Captioned web images
:::::
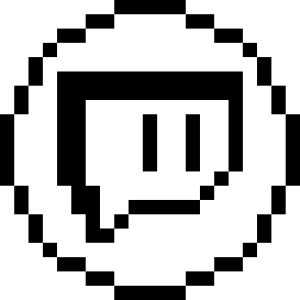 Logo Twitch 2 Icon from Pixel - Free Set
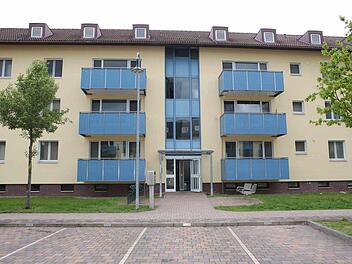 Häuser wie dieses stehen auf dem Gebiet der US-Kaserne leer. Eine Reihe von Bamberger Bürgern setzt sich dafür ein, dass der Bund solche Immobilien vorzeitig frei gibt und zur Unterbringung von Flüchtlingen nützt. Foto: Harald Rieger/Archiv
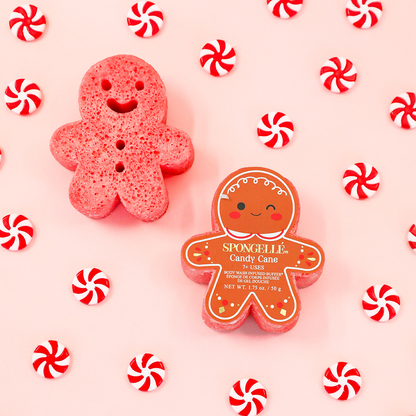 Bastón de Caramelo | Pan de Jengibre Navideño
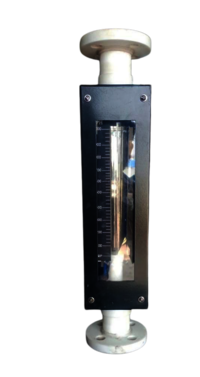 Metal Tube Rotameter - Material: Stainless Steel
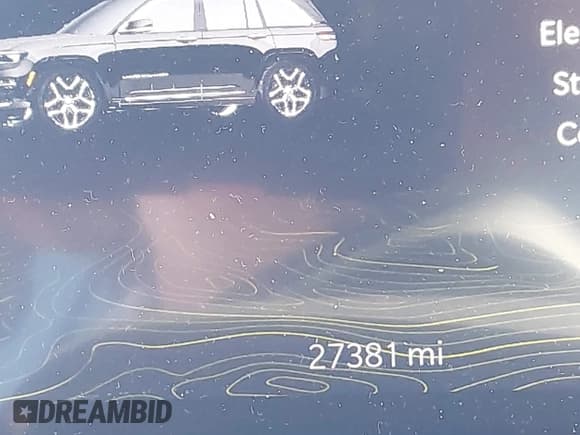 ✅ 2022 Jeep Grand Cherokee • VIN: 1C4RJYB66N8757188 • Lot: 43411033. Listed on IAAI with 27,381 mi. Free auction sales archive from the USA and detailed vehicle history report at DreamBid. Image 15.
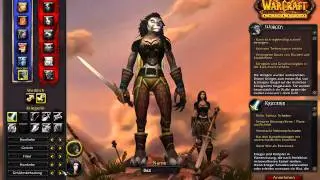 Cataclysm - Weibliche Worgen (Styles) - wow.mmozone.de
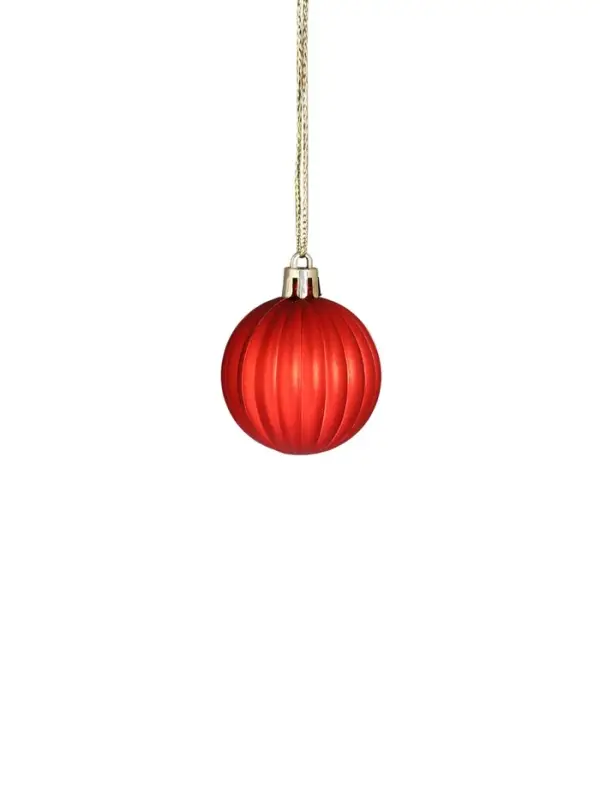 Ёлочные игрушки &laquo;Забава ассорти&raquo;, новогодние, набор 46 шт., красный/зелёный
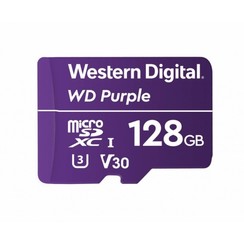 Western Digital WDD128G1P0A high endurance SD kaart 128 GB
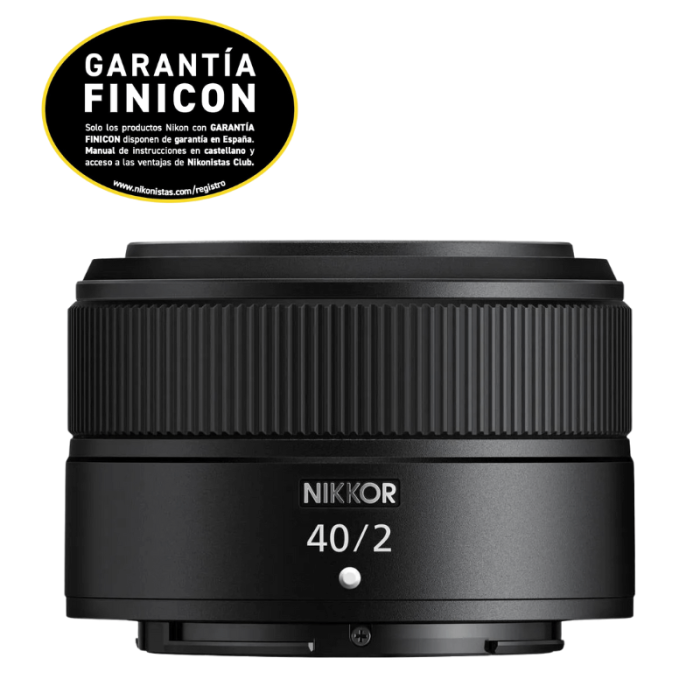 NIKKOR Z 40MM F2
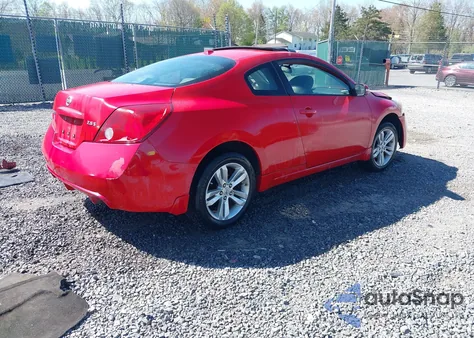 2010 Nissan Altima 2.5 S from USA, damaged, VIN 1N4AL2EP0AC111439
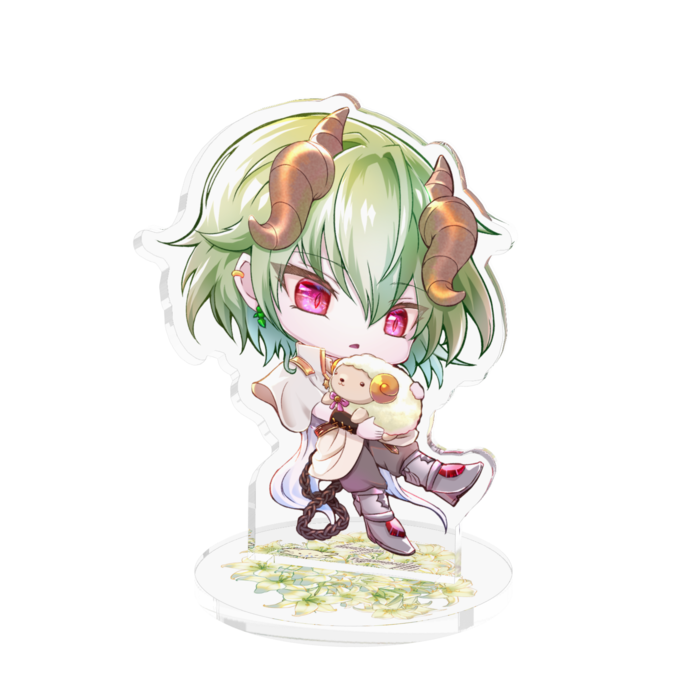 アクリルフィギュア - 70x70mm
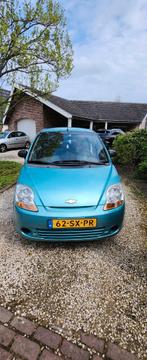Chevrolet Matiz 0.8 2006 Blauw, Auto's, Voorwielaandrijving, Stof, Elektrische ramen, Matiz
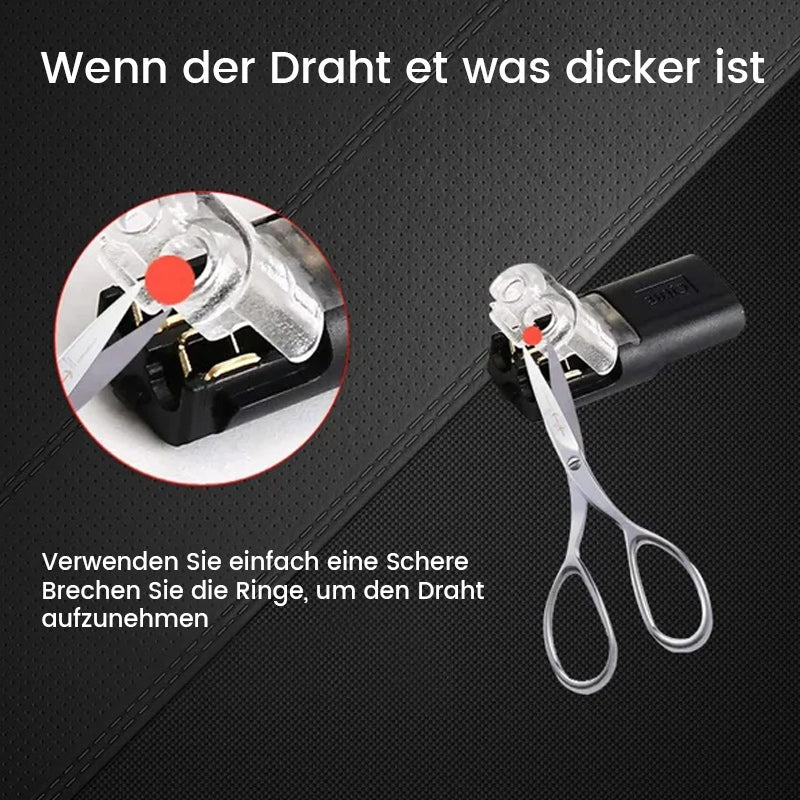 Practical fast cable plug | Kalsten
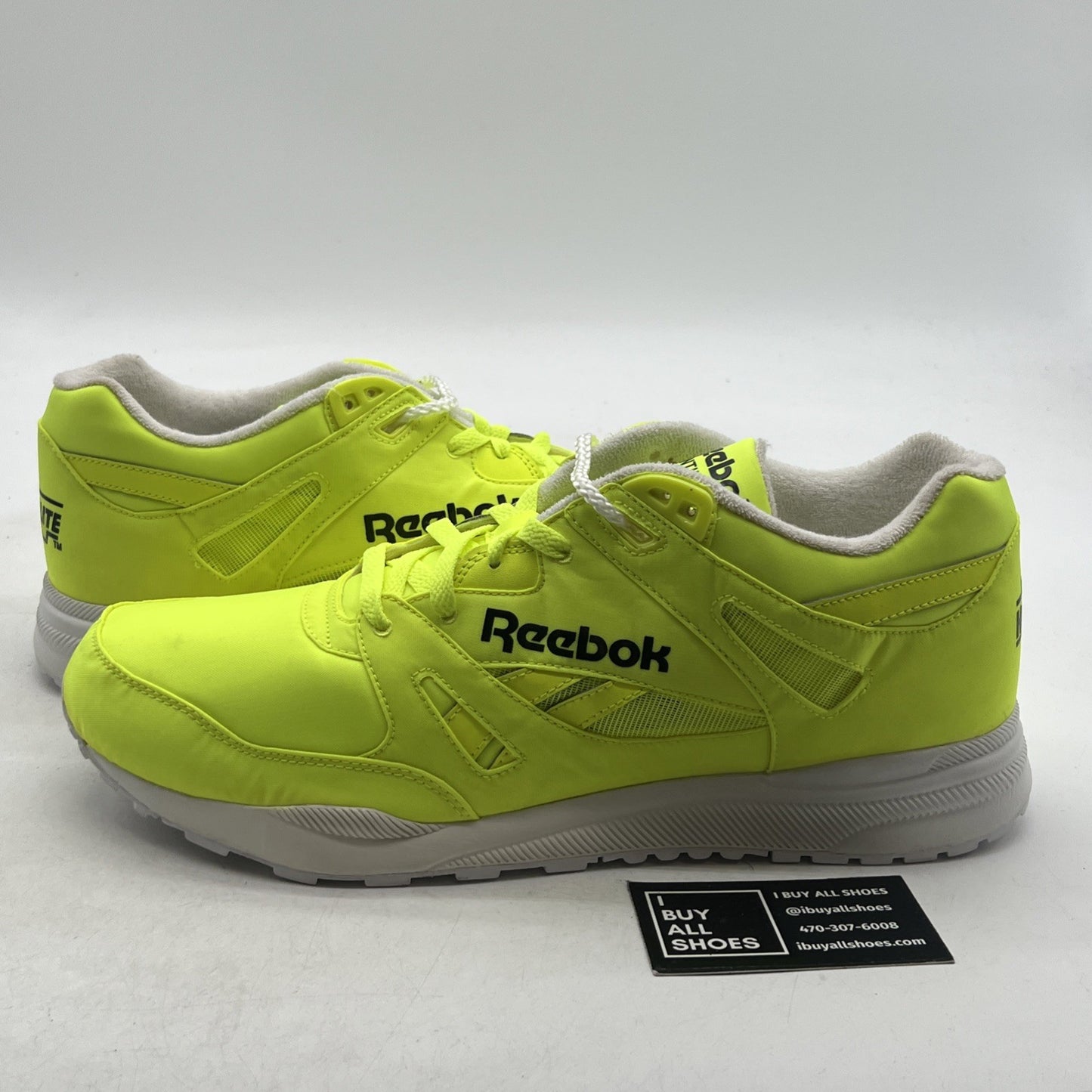 Size 13 - Reebok Ventilator DG Solar Yellow/White (M46607)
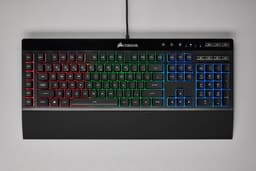 Corsair K55 RGB Pro - Gaming Toetsenbord - Membraam toetsen - Qwerty  Zwart — thumbnail 4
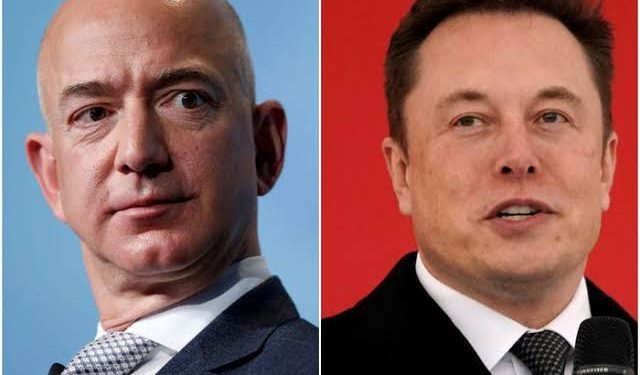 Jeff Bezos overtakes Elon Musk to become world’s richest man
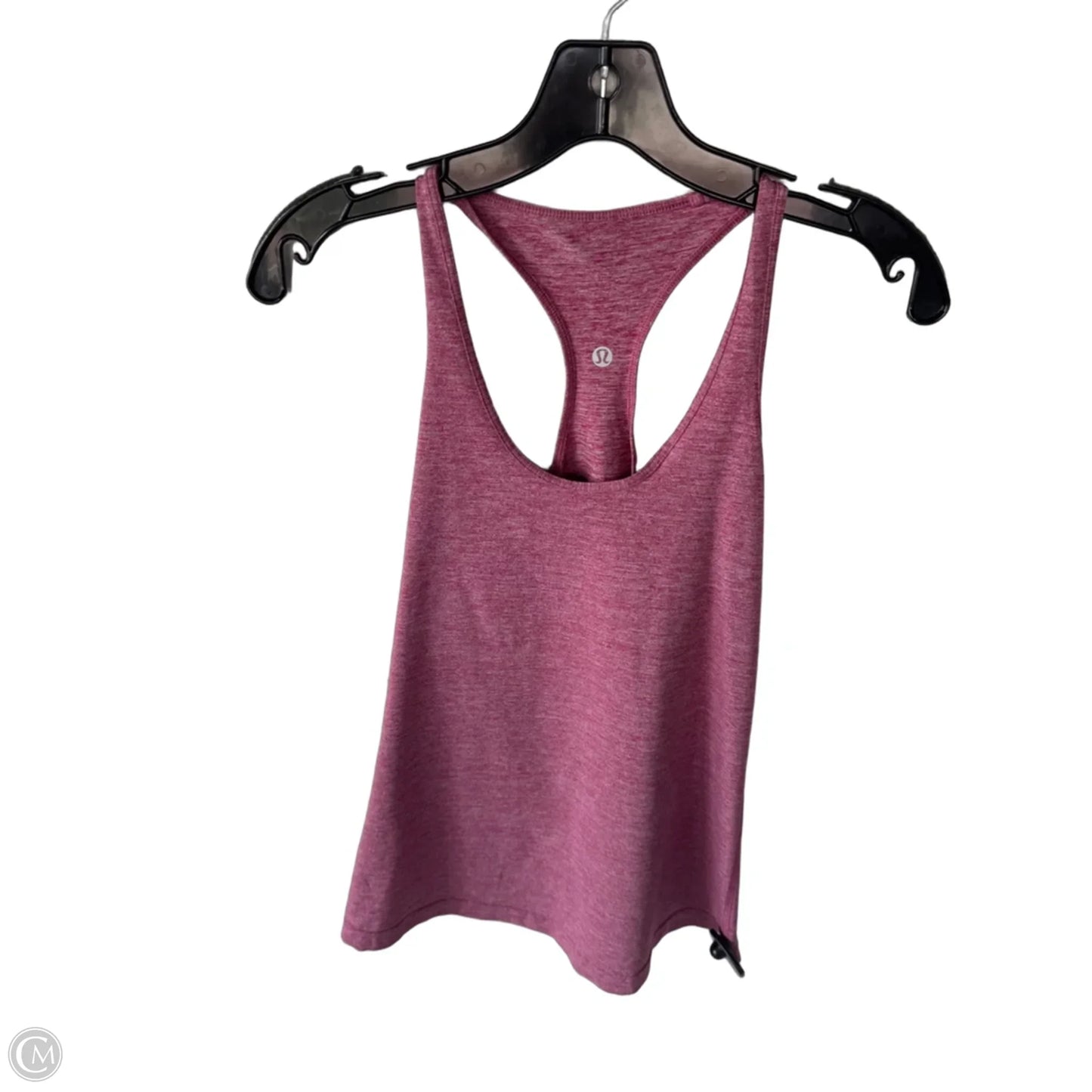 Athletic Tank Top By Lululemon In Pink, Size: M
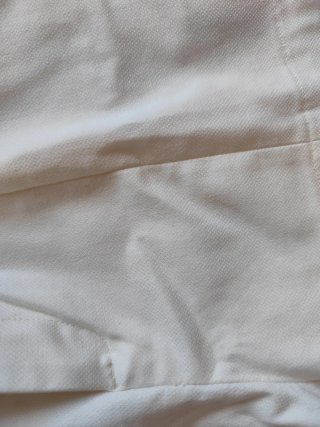 Shorts Stradivarius Blanco Talla 38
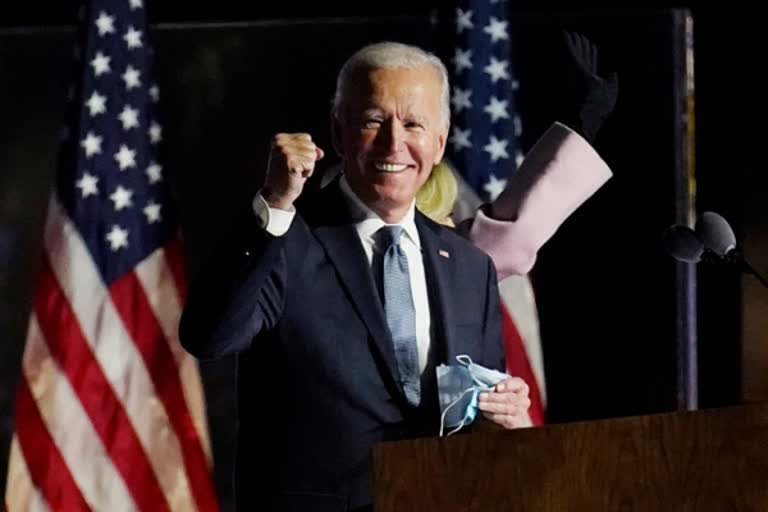 America New president Joe Biden profile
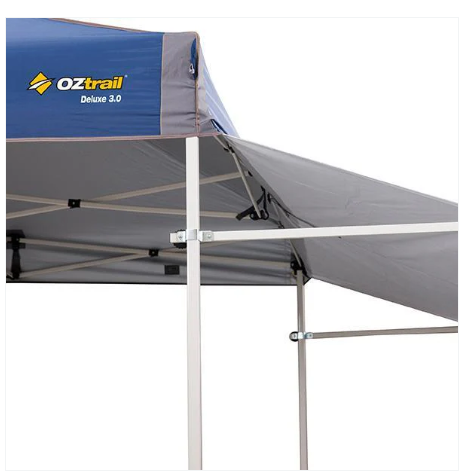 Oztrail Removable Gazebo Awning Kit 3.0 - Blue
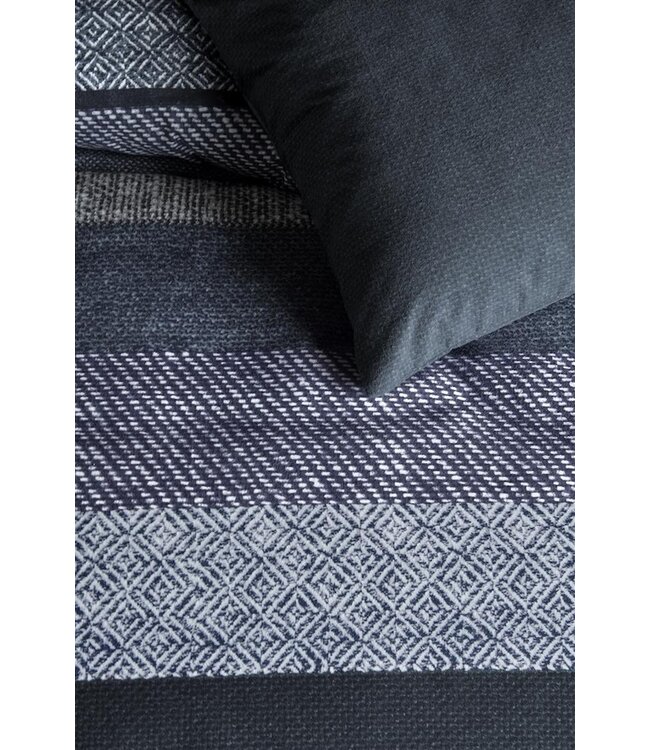 Beddinghouse Dekbedovertrek Enzo Blue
:::::
» **Task statement**
Find the line that contains "Corsair K55 RGB", then write out that line and every line after it through the end of the records, exactly. Leave the pictures out.

» **Response to this exercise**
 Corsair K55 RGB Pro - Gaming Toetsenbord - Membraam toetsen - Qwerty  Zwart — thumbnail 4
 Jeff Bezos overtakes Elon Musk to become world’s richest man
 Athletic Tank Top By Lululemon In Pink, Size: M
 Shorts Stradivarius Blanco Talla 38
 America New president Joe Biden profile
 Oztrail Removable Gazebo Awning Kit 3.0 - Blue
 Beddinghouse Dekbedovertrek Enzo Blue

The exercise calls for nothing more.